Nina Jankowicz has cited Christopher Steele as a disinformation expert, made misleading claims about the funding of his dossier, cast doubt on the Hunter Biden laptop story, downplayed Iranian election meddling, and critiqued the Wuhan, China, lab leak hypothesis.

The Washington Examiner can report she repeatedly shared the debunked claims about Trump-Russia collusion in 2016 and beyond.

“Husband texted me ‘you have news to wake up to.’ Never thought it would be this,” she tweeted on Nov. 1, 2016. “Confirms our worst fears about Trump. I am horrified.”

She was sharing Clinton’s infamous Halloween tweet, which said, ”It’s time for Trump to answer serious questions about his ties to Russia.”

That included a screenshot with the caption: “Donald Trump has a secret server (Yes, Donald Trump). It was set up to communicate privately with a Putin-tied Russian bank called Alfa Bank.”

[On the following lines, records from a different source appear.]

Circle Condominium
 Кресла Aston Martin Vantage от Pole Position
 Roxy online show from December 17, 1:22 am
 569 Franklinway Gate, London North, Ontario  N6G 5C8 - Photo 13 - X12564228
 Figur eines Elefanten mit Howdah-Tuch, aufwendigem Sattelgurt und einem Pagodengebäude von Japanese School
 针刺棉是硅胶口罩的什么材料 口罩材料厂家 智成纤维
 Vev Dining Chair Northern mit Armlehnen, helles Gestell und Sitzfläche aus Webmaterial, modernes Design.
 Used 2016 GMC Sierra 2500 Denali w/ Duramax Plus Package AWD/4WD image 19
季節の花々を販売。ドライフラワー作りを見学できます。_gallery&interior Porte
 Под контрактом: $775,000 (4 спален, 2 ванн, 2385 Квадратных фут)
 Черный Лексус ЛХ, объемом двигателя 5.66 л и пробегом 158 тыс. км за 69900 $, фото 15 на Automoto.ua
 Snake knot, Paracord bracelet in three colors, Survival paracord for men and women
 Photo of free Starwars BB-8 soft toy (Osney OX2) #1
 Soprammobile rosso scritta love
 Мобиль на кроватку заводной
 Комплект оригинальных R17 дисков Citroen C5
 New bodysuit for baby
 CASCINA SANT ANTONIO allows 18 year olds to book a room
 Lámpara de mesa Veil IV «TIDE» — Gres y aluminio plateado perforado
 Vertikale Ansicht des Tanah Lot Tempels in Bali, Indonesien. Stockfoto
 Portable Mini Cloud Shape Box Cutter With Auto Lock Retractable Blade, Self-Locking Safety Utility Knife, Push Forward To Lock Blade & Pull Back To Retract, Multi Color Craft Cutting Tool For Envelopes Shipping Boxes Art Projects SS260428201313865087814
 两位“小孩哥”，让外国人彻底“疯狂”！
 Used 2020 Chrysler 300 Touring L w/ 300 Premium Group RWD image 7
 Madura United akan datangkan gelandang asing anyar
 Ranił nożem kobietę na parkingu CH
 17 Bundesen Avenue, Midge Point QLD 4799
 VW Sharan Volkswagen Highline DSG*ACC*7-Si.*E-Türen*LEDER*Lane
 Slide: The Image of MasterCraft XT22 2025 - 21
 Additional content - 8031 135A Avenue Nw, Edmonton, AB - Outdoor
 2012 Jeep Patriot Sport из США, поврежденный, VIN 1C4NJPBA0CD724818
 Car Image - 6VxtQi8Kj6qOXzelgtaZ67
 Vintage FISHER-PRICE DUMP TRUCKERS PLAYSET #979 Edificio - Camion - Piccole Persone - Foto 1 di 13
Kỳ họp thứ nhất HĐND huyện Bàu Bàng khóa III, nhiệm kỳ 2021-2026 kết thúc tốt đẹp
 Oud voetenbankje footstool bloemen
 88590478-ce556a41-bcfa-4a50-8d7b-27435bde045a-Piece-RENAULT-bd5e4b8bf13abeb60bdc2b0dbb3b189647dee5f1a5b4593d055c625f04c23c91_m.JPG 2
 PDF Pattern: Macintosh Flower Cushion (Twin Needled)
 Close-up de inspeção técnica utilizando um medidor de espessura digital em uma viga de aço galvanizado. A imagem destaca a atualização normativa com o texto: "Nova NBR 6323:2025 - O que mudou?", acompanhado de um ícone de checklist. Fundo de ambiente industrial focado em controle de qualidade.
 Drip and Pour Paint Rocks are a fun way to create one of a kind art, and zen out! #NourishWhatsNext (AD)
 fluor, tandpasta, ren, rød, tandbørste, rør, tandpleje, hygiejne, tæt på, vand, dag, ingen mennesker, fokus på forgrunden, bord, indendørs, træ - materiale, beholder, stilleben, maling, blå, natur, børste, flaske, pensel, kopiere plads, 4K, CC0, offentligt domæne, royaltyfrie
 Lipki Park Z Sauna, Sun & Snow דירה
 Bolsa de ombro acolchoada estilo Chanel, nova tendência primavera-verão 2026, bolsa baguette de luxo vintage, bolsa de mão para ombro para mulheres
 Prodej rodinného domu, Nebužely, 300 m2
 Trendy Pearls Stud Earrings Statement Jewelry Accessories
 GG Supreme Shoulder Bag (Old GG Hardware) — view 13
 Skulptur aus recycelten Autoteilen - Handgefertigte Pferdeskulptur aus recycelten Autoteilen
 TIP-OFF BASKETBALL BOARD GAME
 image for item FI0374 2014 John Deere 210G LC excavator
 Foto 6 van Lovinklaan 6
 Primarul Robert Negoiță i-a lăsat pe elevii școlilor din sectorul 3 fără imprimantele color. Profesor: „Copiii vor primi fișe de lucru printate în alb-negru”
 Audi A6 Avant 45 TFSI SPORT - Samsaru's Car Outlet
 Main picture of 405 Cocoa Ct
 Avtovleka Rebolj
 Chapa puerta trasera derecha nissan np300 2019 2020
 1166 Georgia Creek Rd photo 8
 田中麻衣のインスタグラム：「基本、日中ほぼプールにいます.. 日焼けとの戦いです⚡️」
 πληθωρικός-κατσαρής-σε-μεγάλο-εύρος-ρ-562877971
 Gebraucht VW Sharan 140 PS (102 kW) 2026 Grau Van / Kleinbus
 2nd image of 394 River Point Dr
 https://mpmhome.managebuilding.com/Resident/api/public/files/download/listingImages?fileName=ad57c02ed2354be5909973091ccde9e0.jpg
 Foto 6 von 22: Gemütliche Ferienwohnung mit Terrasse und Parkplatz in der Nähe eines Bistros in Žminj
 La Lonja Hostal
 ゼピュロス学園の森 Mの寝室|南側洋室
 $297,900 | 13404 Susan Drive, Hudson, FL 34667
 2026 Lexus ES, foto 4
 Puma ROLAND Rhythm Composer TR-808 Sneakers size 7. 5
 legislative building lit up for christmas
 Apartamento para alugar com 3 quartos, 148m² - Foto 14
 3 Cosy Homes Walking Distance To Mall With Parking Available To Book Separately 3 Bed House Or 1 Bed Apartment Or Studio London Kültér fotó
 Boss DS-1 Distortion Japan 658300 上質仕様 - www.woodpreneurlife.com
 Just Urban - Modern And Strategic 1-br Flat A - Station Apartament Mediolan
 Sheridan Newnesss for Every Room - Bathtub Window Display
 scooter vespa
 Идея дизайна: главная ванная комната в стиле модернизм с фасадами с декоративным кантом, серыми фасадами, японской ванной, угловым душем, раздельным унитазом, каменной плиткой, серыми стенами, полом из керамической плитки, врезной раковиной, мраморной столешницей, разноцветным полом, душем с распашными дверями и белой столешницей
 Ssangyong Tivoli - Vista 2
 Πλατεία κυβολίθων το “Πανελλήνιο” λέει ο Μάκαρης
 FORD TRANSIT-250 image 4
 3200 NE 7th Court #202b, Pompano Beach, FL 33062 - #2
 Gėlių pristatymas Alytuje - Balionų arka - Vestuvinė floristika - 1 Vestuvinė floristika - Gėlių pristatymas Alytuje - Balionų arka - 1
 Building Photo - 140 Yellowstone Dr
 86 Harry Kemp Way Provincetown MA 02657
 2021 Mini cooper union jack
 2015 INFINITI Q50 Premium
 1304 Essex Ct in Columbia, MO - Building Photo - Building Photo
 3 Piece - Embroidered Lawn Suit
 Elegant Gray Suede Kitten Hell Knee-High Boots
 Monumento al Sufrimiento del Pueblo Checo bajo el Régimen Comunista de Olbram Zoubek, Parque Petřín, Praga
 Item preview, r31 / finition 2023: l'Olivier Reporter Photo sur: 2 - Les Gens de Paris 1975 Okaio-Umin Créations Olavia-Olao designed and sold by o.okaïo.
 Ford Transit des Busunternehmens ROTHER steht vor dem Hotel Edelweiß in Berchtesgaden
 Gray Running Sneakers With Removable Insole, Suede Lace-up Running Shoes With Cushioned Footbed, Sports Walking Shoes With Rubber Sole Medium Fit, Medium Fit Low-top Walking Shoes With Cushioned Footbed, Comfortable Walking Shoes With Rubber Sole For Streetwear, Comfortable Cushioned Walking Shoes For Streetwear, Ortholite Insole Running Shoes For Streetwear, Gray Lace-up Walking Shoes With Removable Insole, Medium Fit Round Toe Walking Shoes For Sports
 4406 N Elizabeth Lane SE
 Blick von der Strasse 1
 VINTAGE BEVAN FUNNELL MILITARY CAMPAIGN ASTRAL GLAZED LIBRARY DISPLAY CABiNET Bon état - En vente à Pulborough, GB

Jankowicz tweeted again that “Trump had not one, but two secret email servers to communicate with influential Russian bank. Unbelievable.” She was sharing a Slate article by Franklin Foer, whom Fusion GPS had been feeding Trump-Russia stories to, according to emails from Durham.

The FBI, CIA, special counsel Robert Mueller, a bipartisan Senate Intelligence Committee investigation, and Durham’s team have all cast doubt on or shot down the Alfa-Bank claims.

Democratic cybersecurity lawyer Michael Sussmann has been indicted on charges of concealing his clients, including the Clinton campaign, from the FBI when he pushed the debunked Alfa-Bank allegations.

Jankowicz repeatedly shared other collusion claims throughout 2016, including information sourced from Steele’s discredited dossier. The British ex-spy was hired by Fusion, which had been hired by Clinton campaign general counsel Marc Elias.